What to produce = Every line from the first one in the data below through the line holding "Les attaques de la boulangerie" is to be written out exactly, with the pictures omitted.

Dataset content =
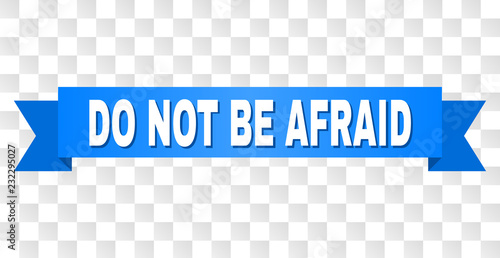 DO NOT BE AFRAID text on a ribbon. Designed with white title and blue stripe. Vector banner with DO NOT BE AFRAID tag on a transparent background.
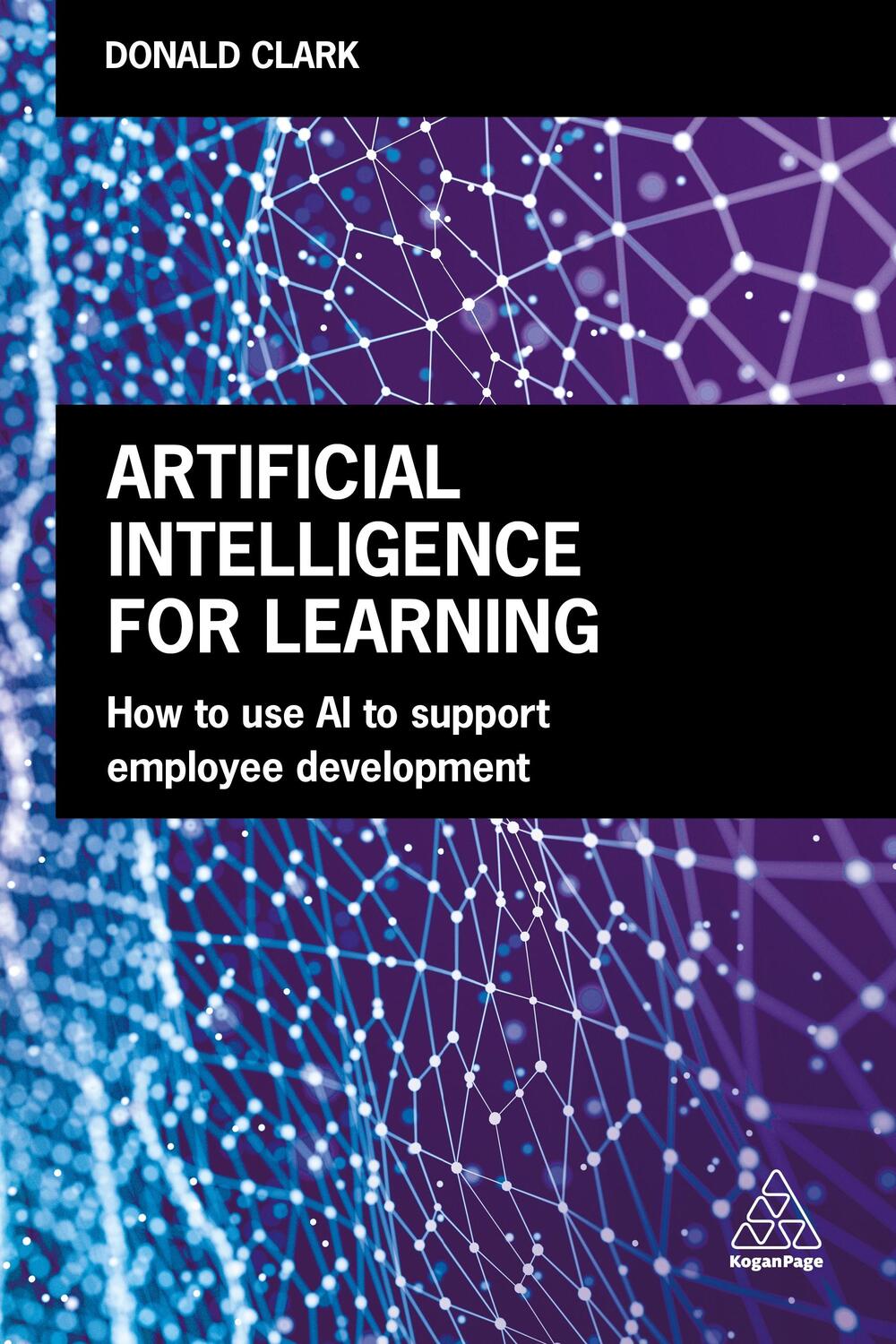 Cover: 9781789660814 | Artificial Intelligence for Learning | Donald Clark | Taschenbuch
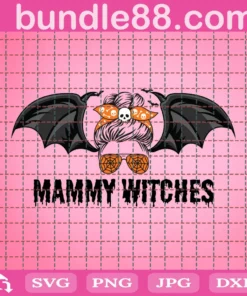 Mammy Witches Png, Halloween Png, Bat Png, Halloween Spooky Mom Png, Halloween Messy Bun, Halloween Mom Png, Halloween Mama Png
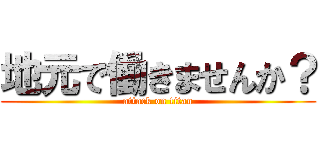地元で働きませんか？ (attack on titan)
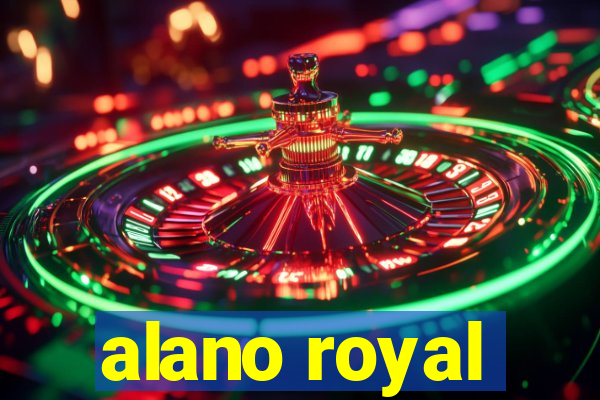 alano royal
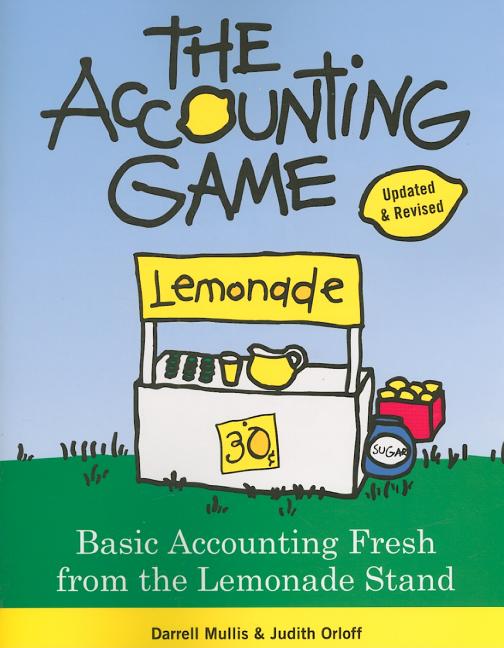 The Accounting Game: Basic Accounting Fresh from the Lemonade Stand (Updated, Revised)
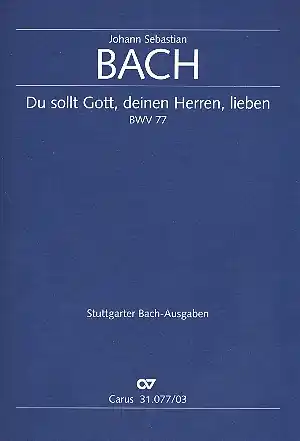 Letzte Chance Du sollt Gott, deinen Herren, lieben Kantate Nr.77 BWV77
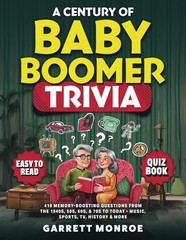 A Century Of Baby Boomer Trivia: 410 Memory-Boosting Questions for Seniors f…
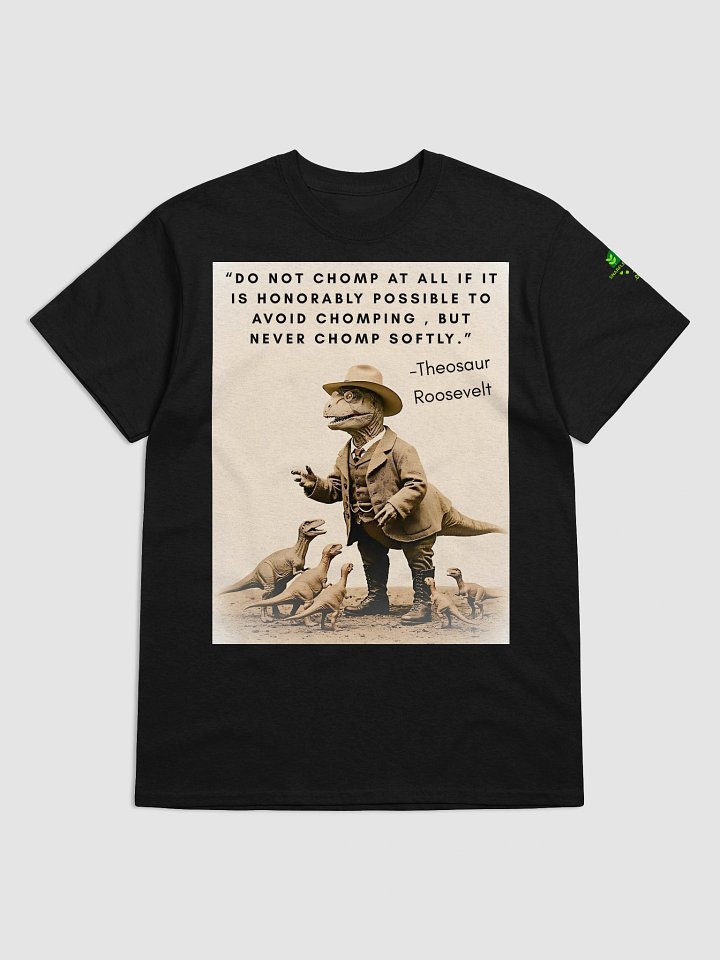 Theosaur Roosevelt - Never Chomp Softly Funny Historical Dino Shirt product image (5)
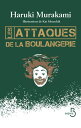 Les attaques de la boulangerie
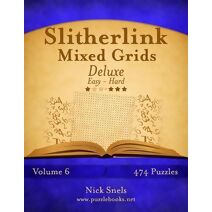 Slitherlink Mixed Grids Deluxe - Easy to Hard - Volume 6 - 474 Puzzles (Slitherlink)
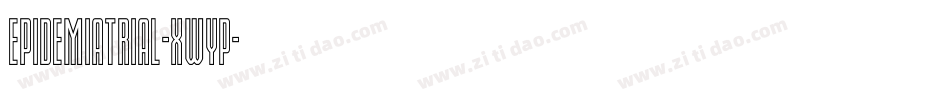 EpidemiaTrial-XWyP字体转换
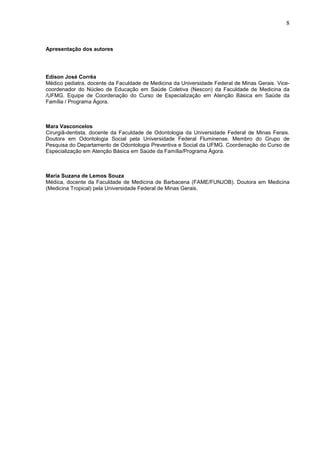 8



Apresentação dos autores




Edison José Corrêa
Médico pediatra, docente da Faculdade de Medicina da Universidade Federal de Minas Gerais. Vice-
coordenador do Núcleo de Educação em Saúde Coletiva (Nescon) da Faculdade de Medicina da
/UFMG. Equipe de Coordenação do Curso de Especialização em Atenção Básica em Saúde da
Família / Programa Ágora.



Mara Vasconcelos
Cirurgiã-dentista, docente da Faculdade de Odontologia da Universidade Federal de Minas Ferais.
Doutora em Odontologia Social pela Universidade Federal Fluminense. Membro do Grupo de
Pesquisa do Departamento de Odontologia Preventiva e Social da UFMG. Coordenação do Curso de
Especialização em Atenção Básica em Saúde da Família/Programa Ágora.



Maria Suzana de Lemos Souza
Médica, docente da Faculdade de Medicina de Barbacena (FAME/FUNJOB). Doutora em Medicina
(Medicina Tropical) pela Universidade Federal de Minas Gerais.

Task answer =
 DO NOT BE AFRAID text on a ribbon. Designed with white title and blue stripe. Vector banner with DO NOT BE AFRAID tag on a transparent background.
 Cover: 9781789660814 | Artificial Intelligence for Learning | Donald Clark | Taschenbuch
 Mammy Witches Png, Halloween Png, Bat Png, Halloween Spooky Mom Png, Halloween Messy Bun, Halloween Mom Png, Halloween Mama Png
地元で働きませんか？ (attack on titan)
 alano royal
 The Accounting Game: Basic Accounting Fresh from the Lemonade Stand (Updated, Revised)
 Letzte Chance Du sollt Gott, deinen Herren, lieben Kantate Nr.77 BWV77
 A Century Of Baby Boomer Trivia: 410 Memory-Boosting Questions for Seniors f…
 Theosaur Roosevelt - Never Chomp Softly Funny Historical Dino Shirt product image (5)
 Les attaques de la boulangerie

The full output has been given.